• Exercise objective:
The entries below contain pictures. Write out only the lines from the line with "6 sets of coloured" up to and including the line with "Der Wintercampingplatz Jaunpass", exactly, without them.

• Recorded data:
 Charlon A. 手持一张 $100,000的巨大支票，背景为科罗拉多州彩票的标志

==

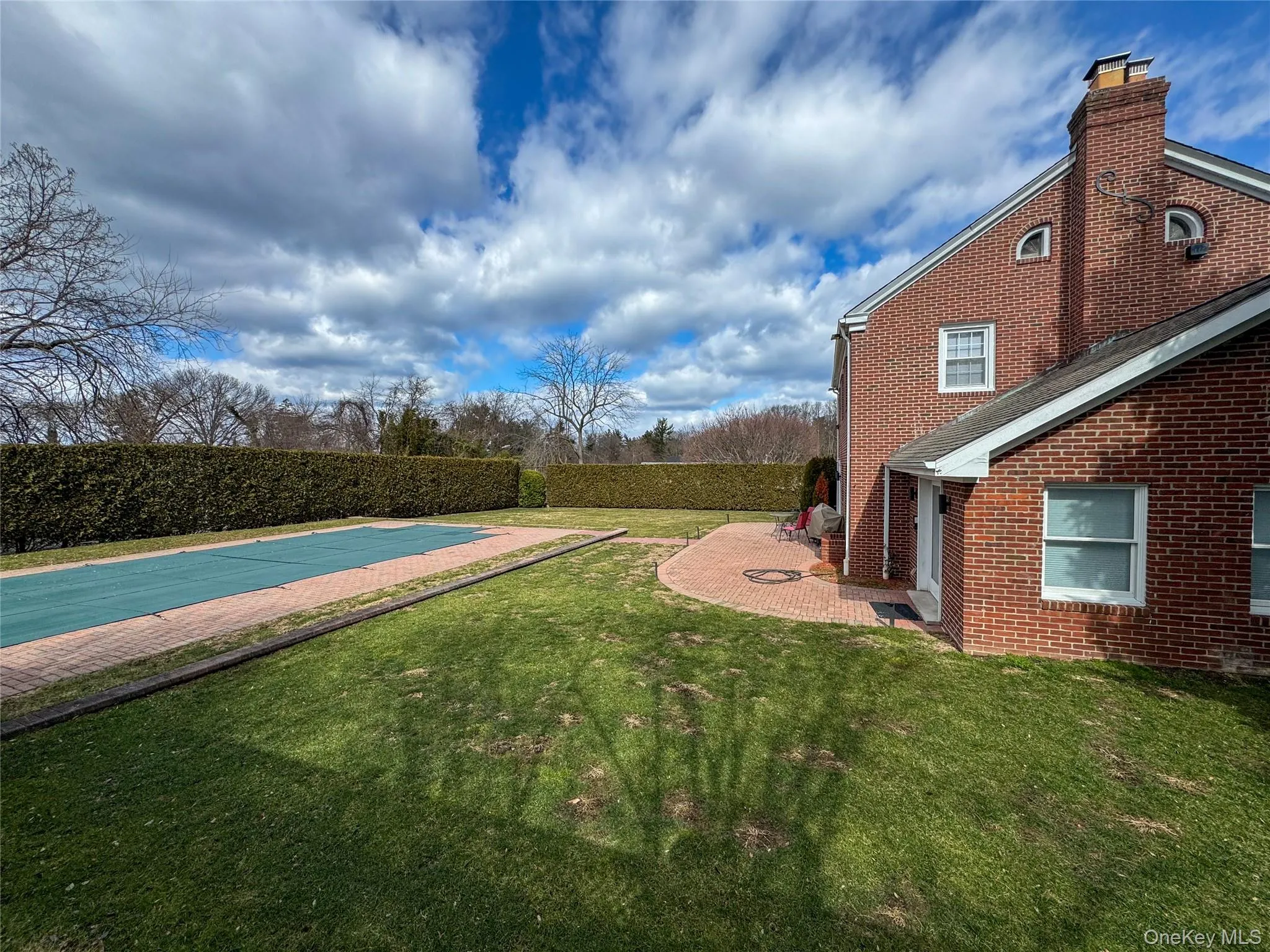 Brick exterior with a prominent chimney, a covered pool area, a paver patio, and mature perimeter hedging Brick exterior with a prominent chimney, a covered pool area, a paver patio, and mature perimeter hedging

* * *

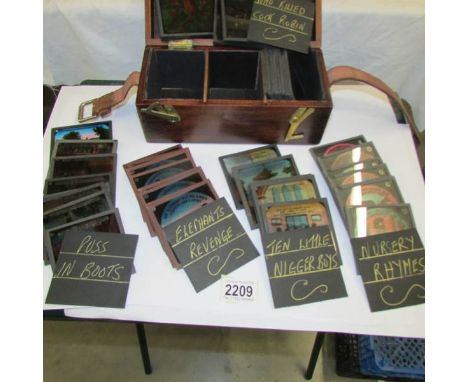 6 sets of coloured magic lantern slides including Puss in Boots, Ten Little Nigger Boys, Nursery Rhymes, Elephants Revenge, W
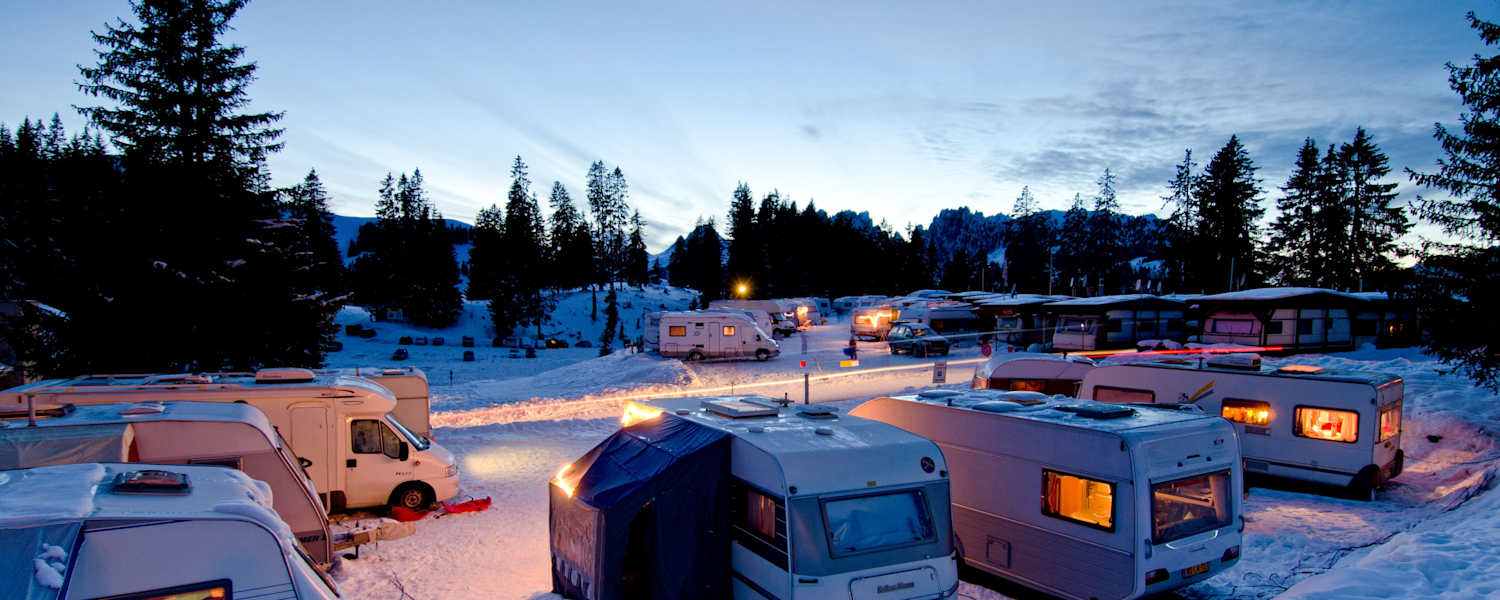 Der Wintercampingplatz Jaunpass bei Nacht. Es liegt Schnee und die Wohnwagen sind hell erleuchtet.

• Solution:
 6 sets of coloured magic lantern slides including Puss in Boots, Ten Little Nigger Boys, Nursery Rhymes, Elephants Revenge, W
 Der Wintercampingplatz Jaunpass bei Nacht. Es liegt Schnee und die Wohnwagen sind hell erleuchtet.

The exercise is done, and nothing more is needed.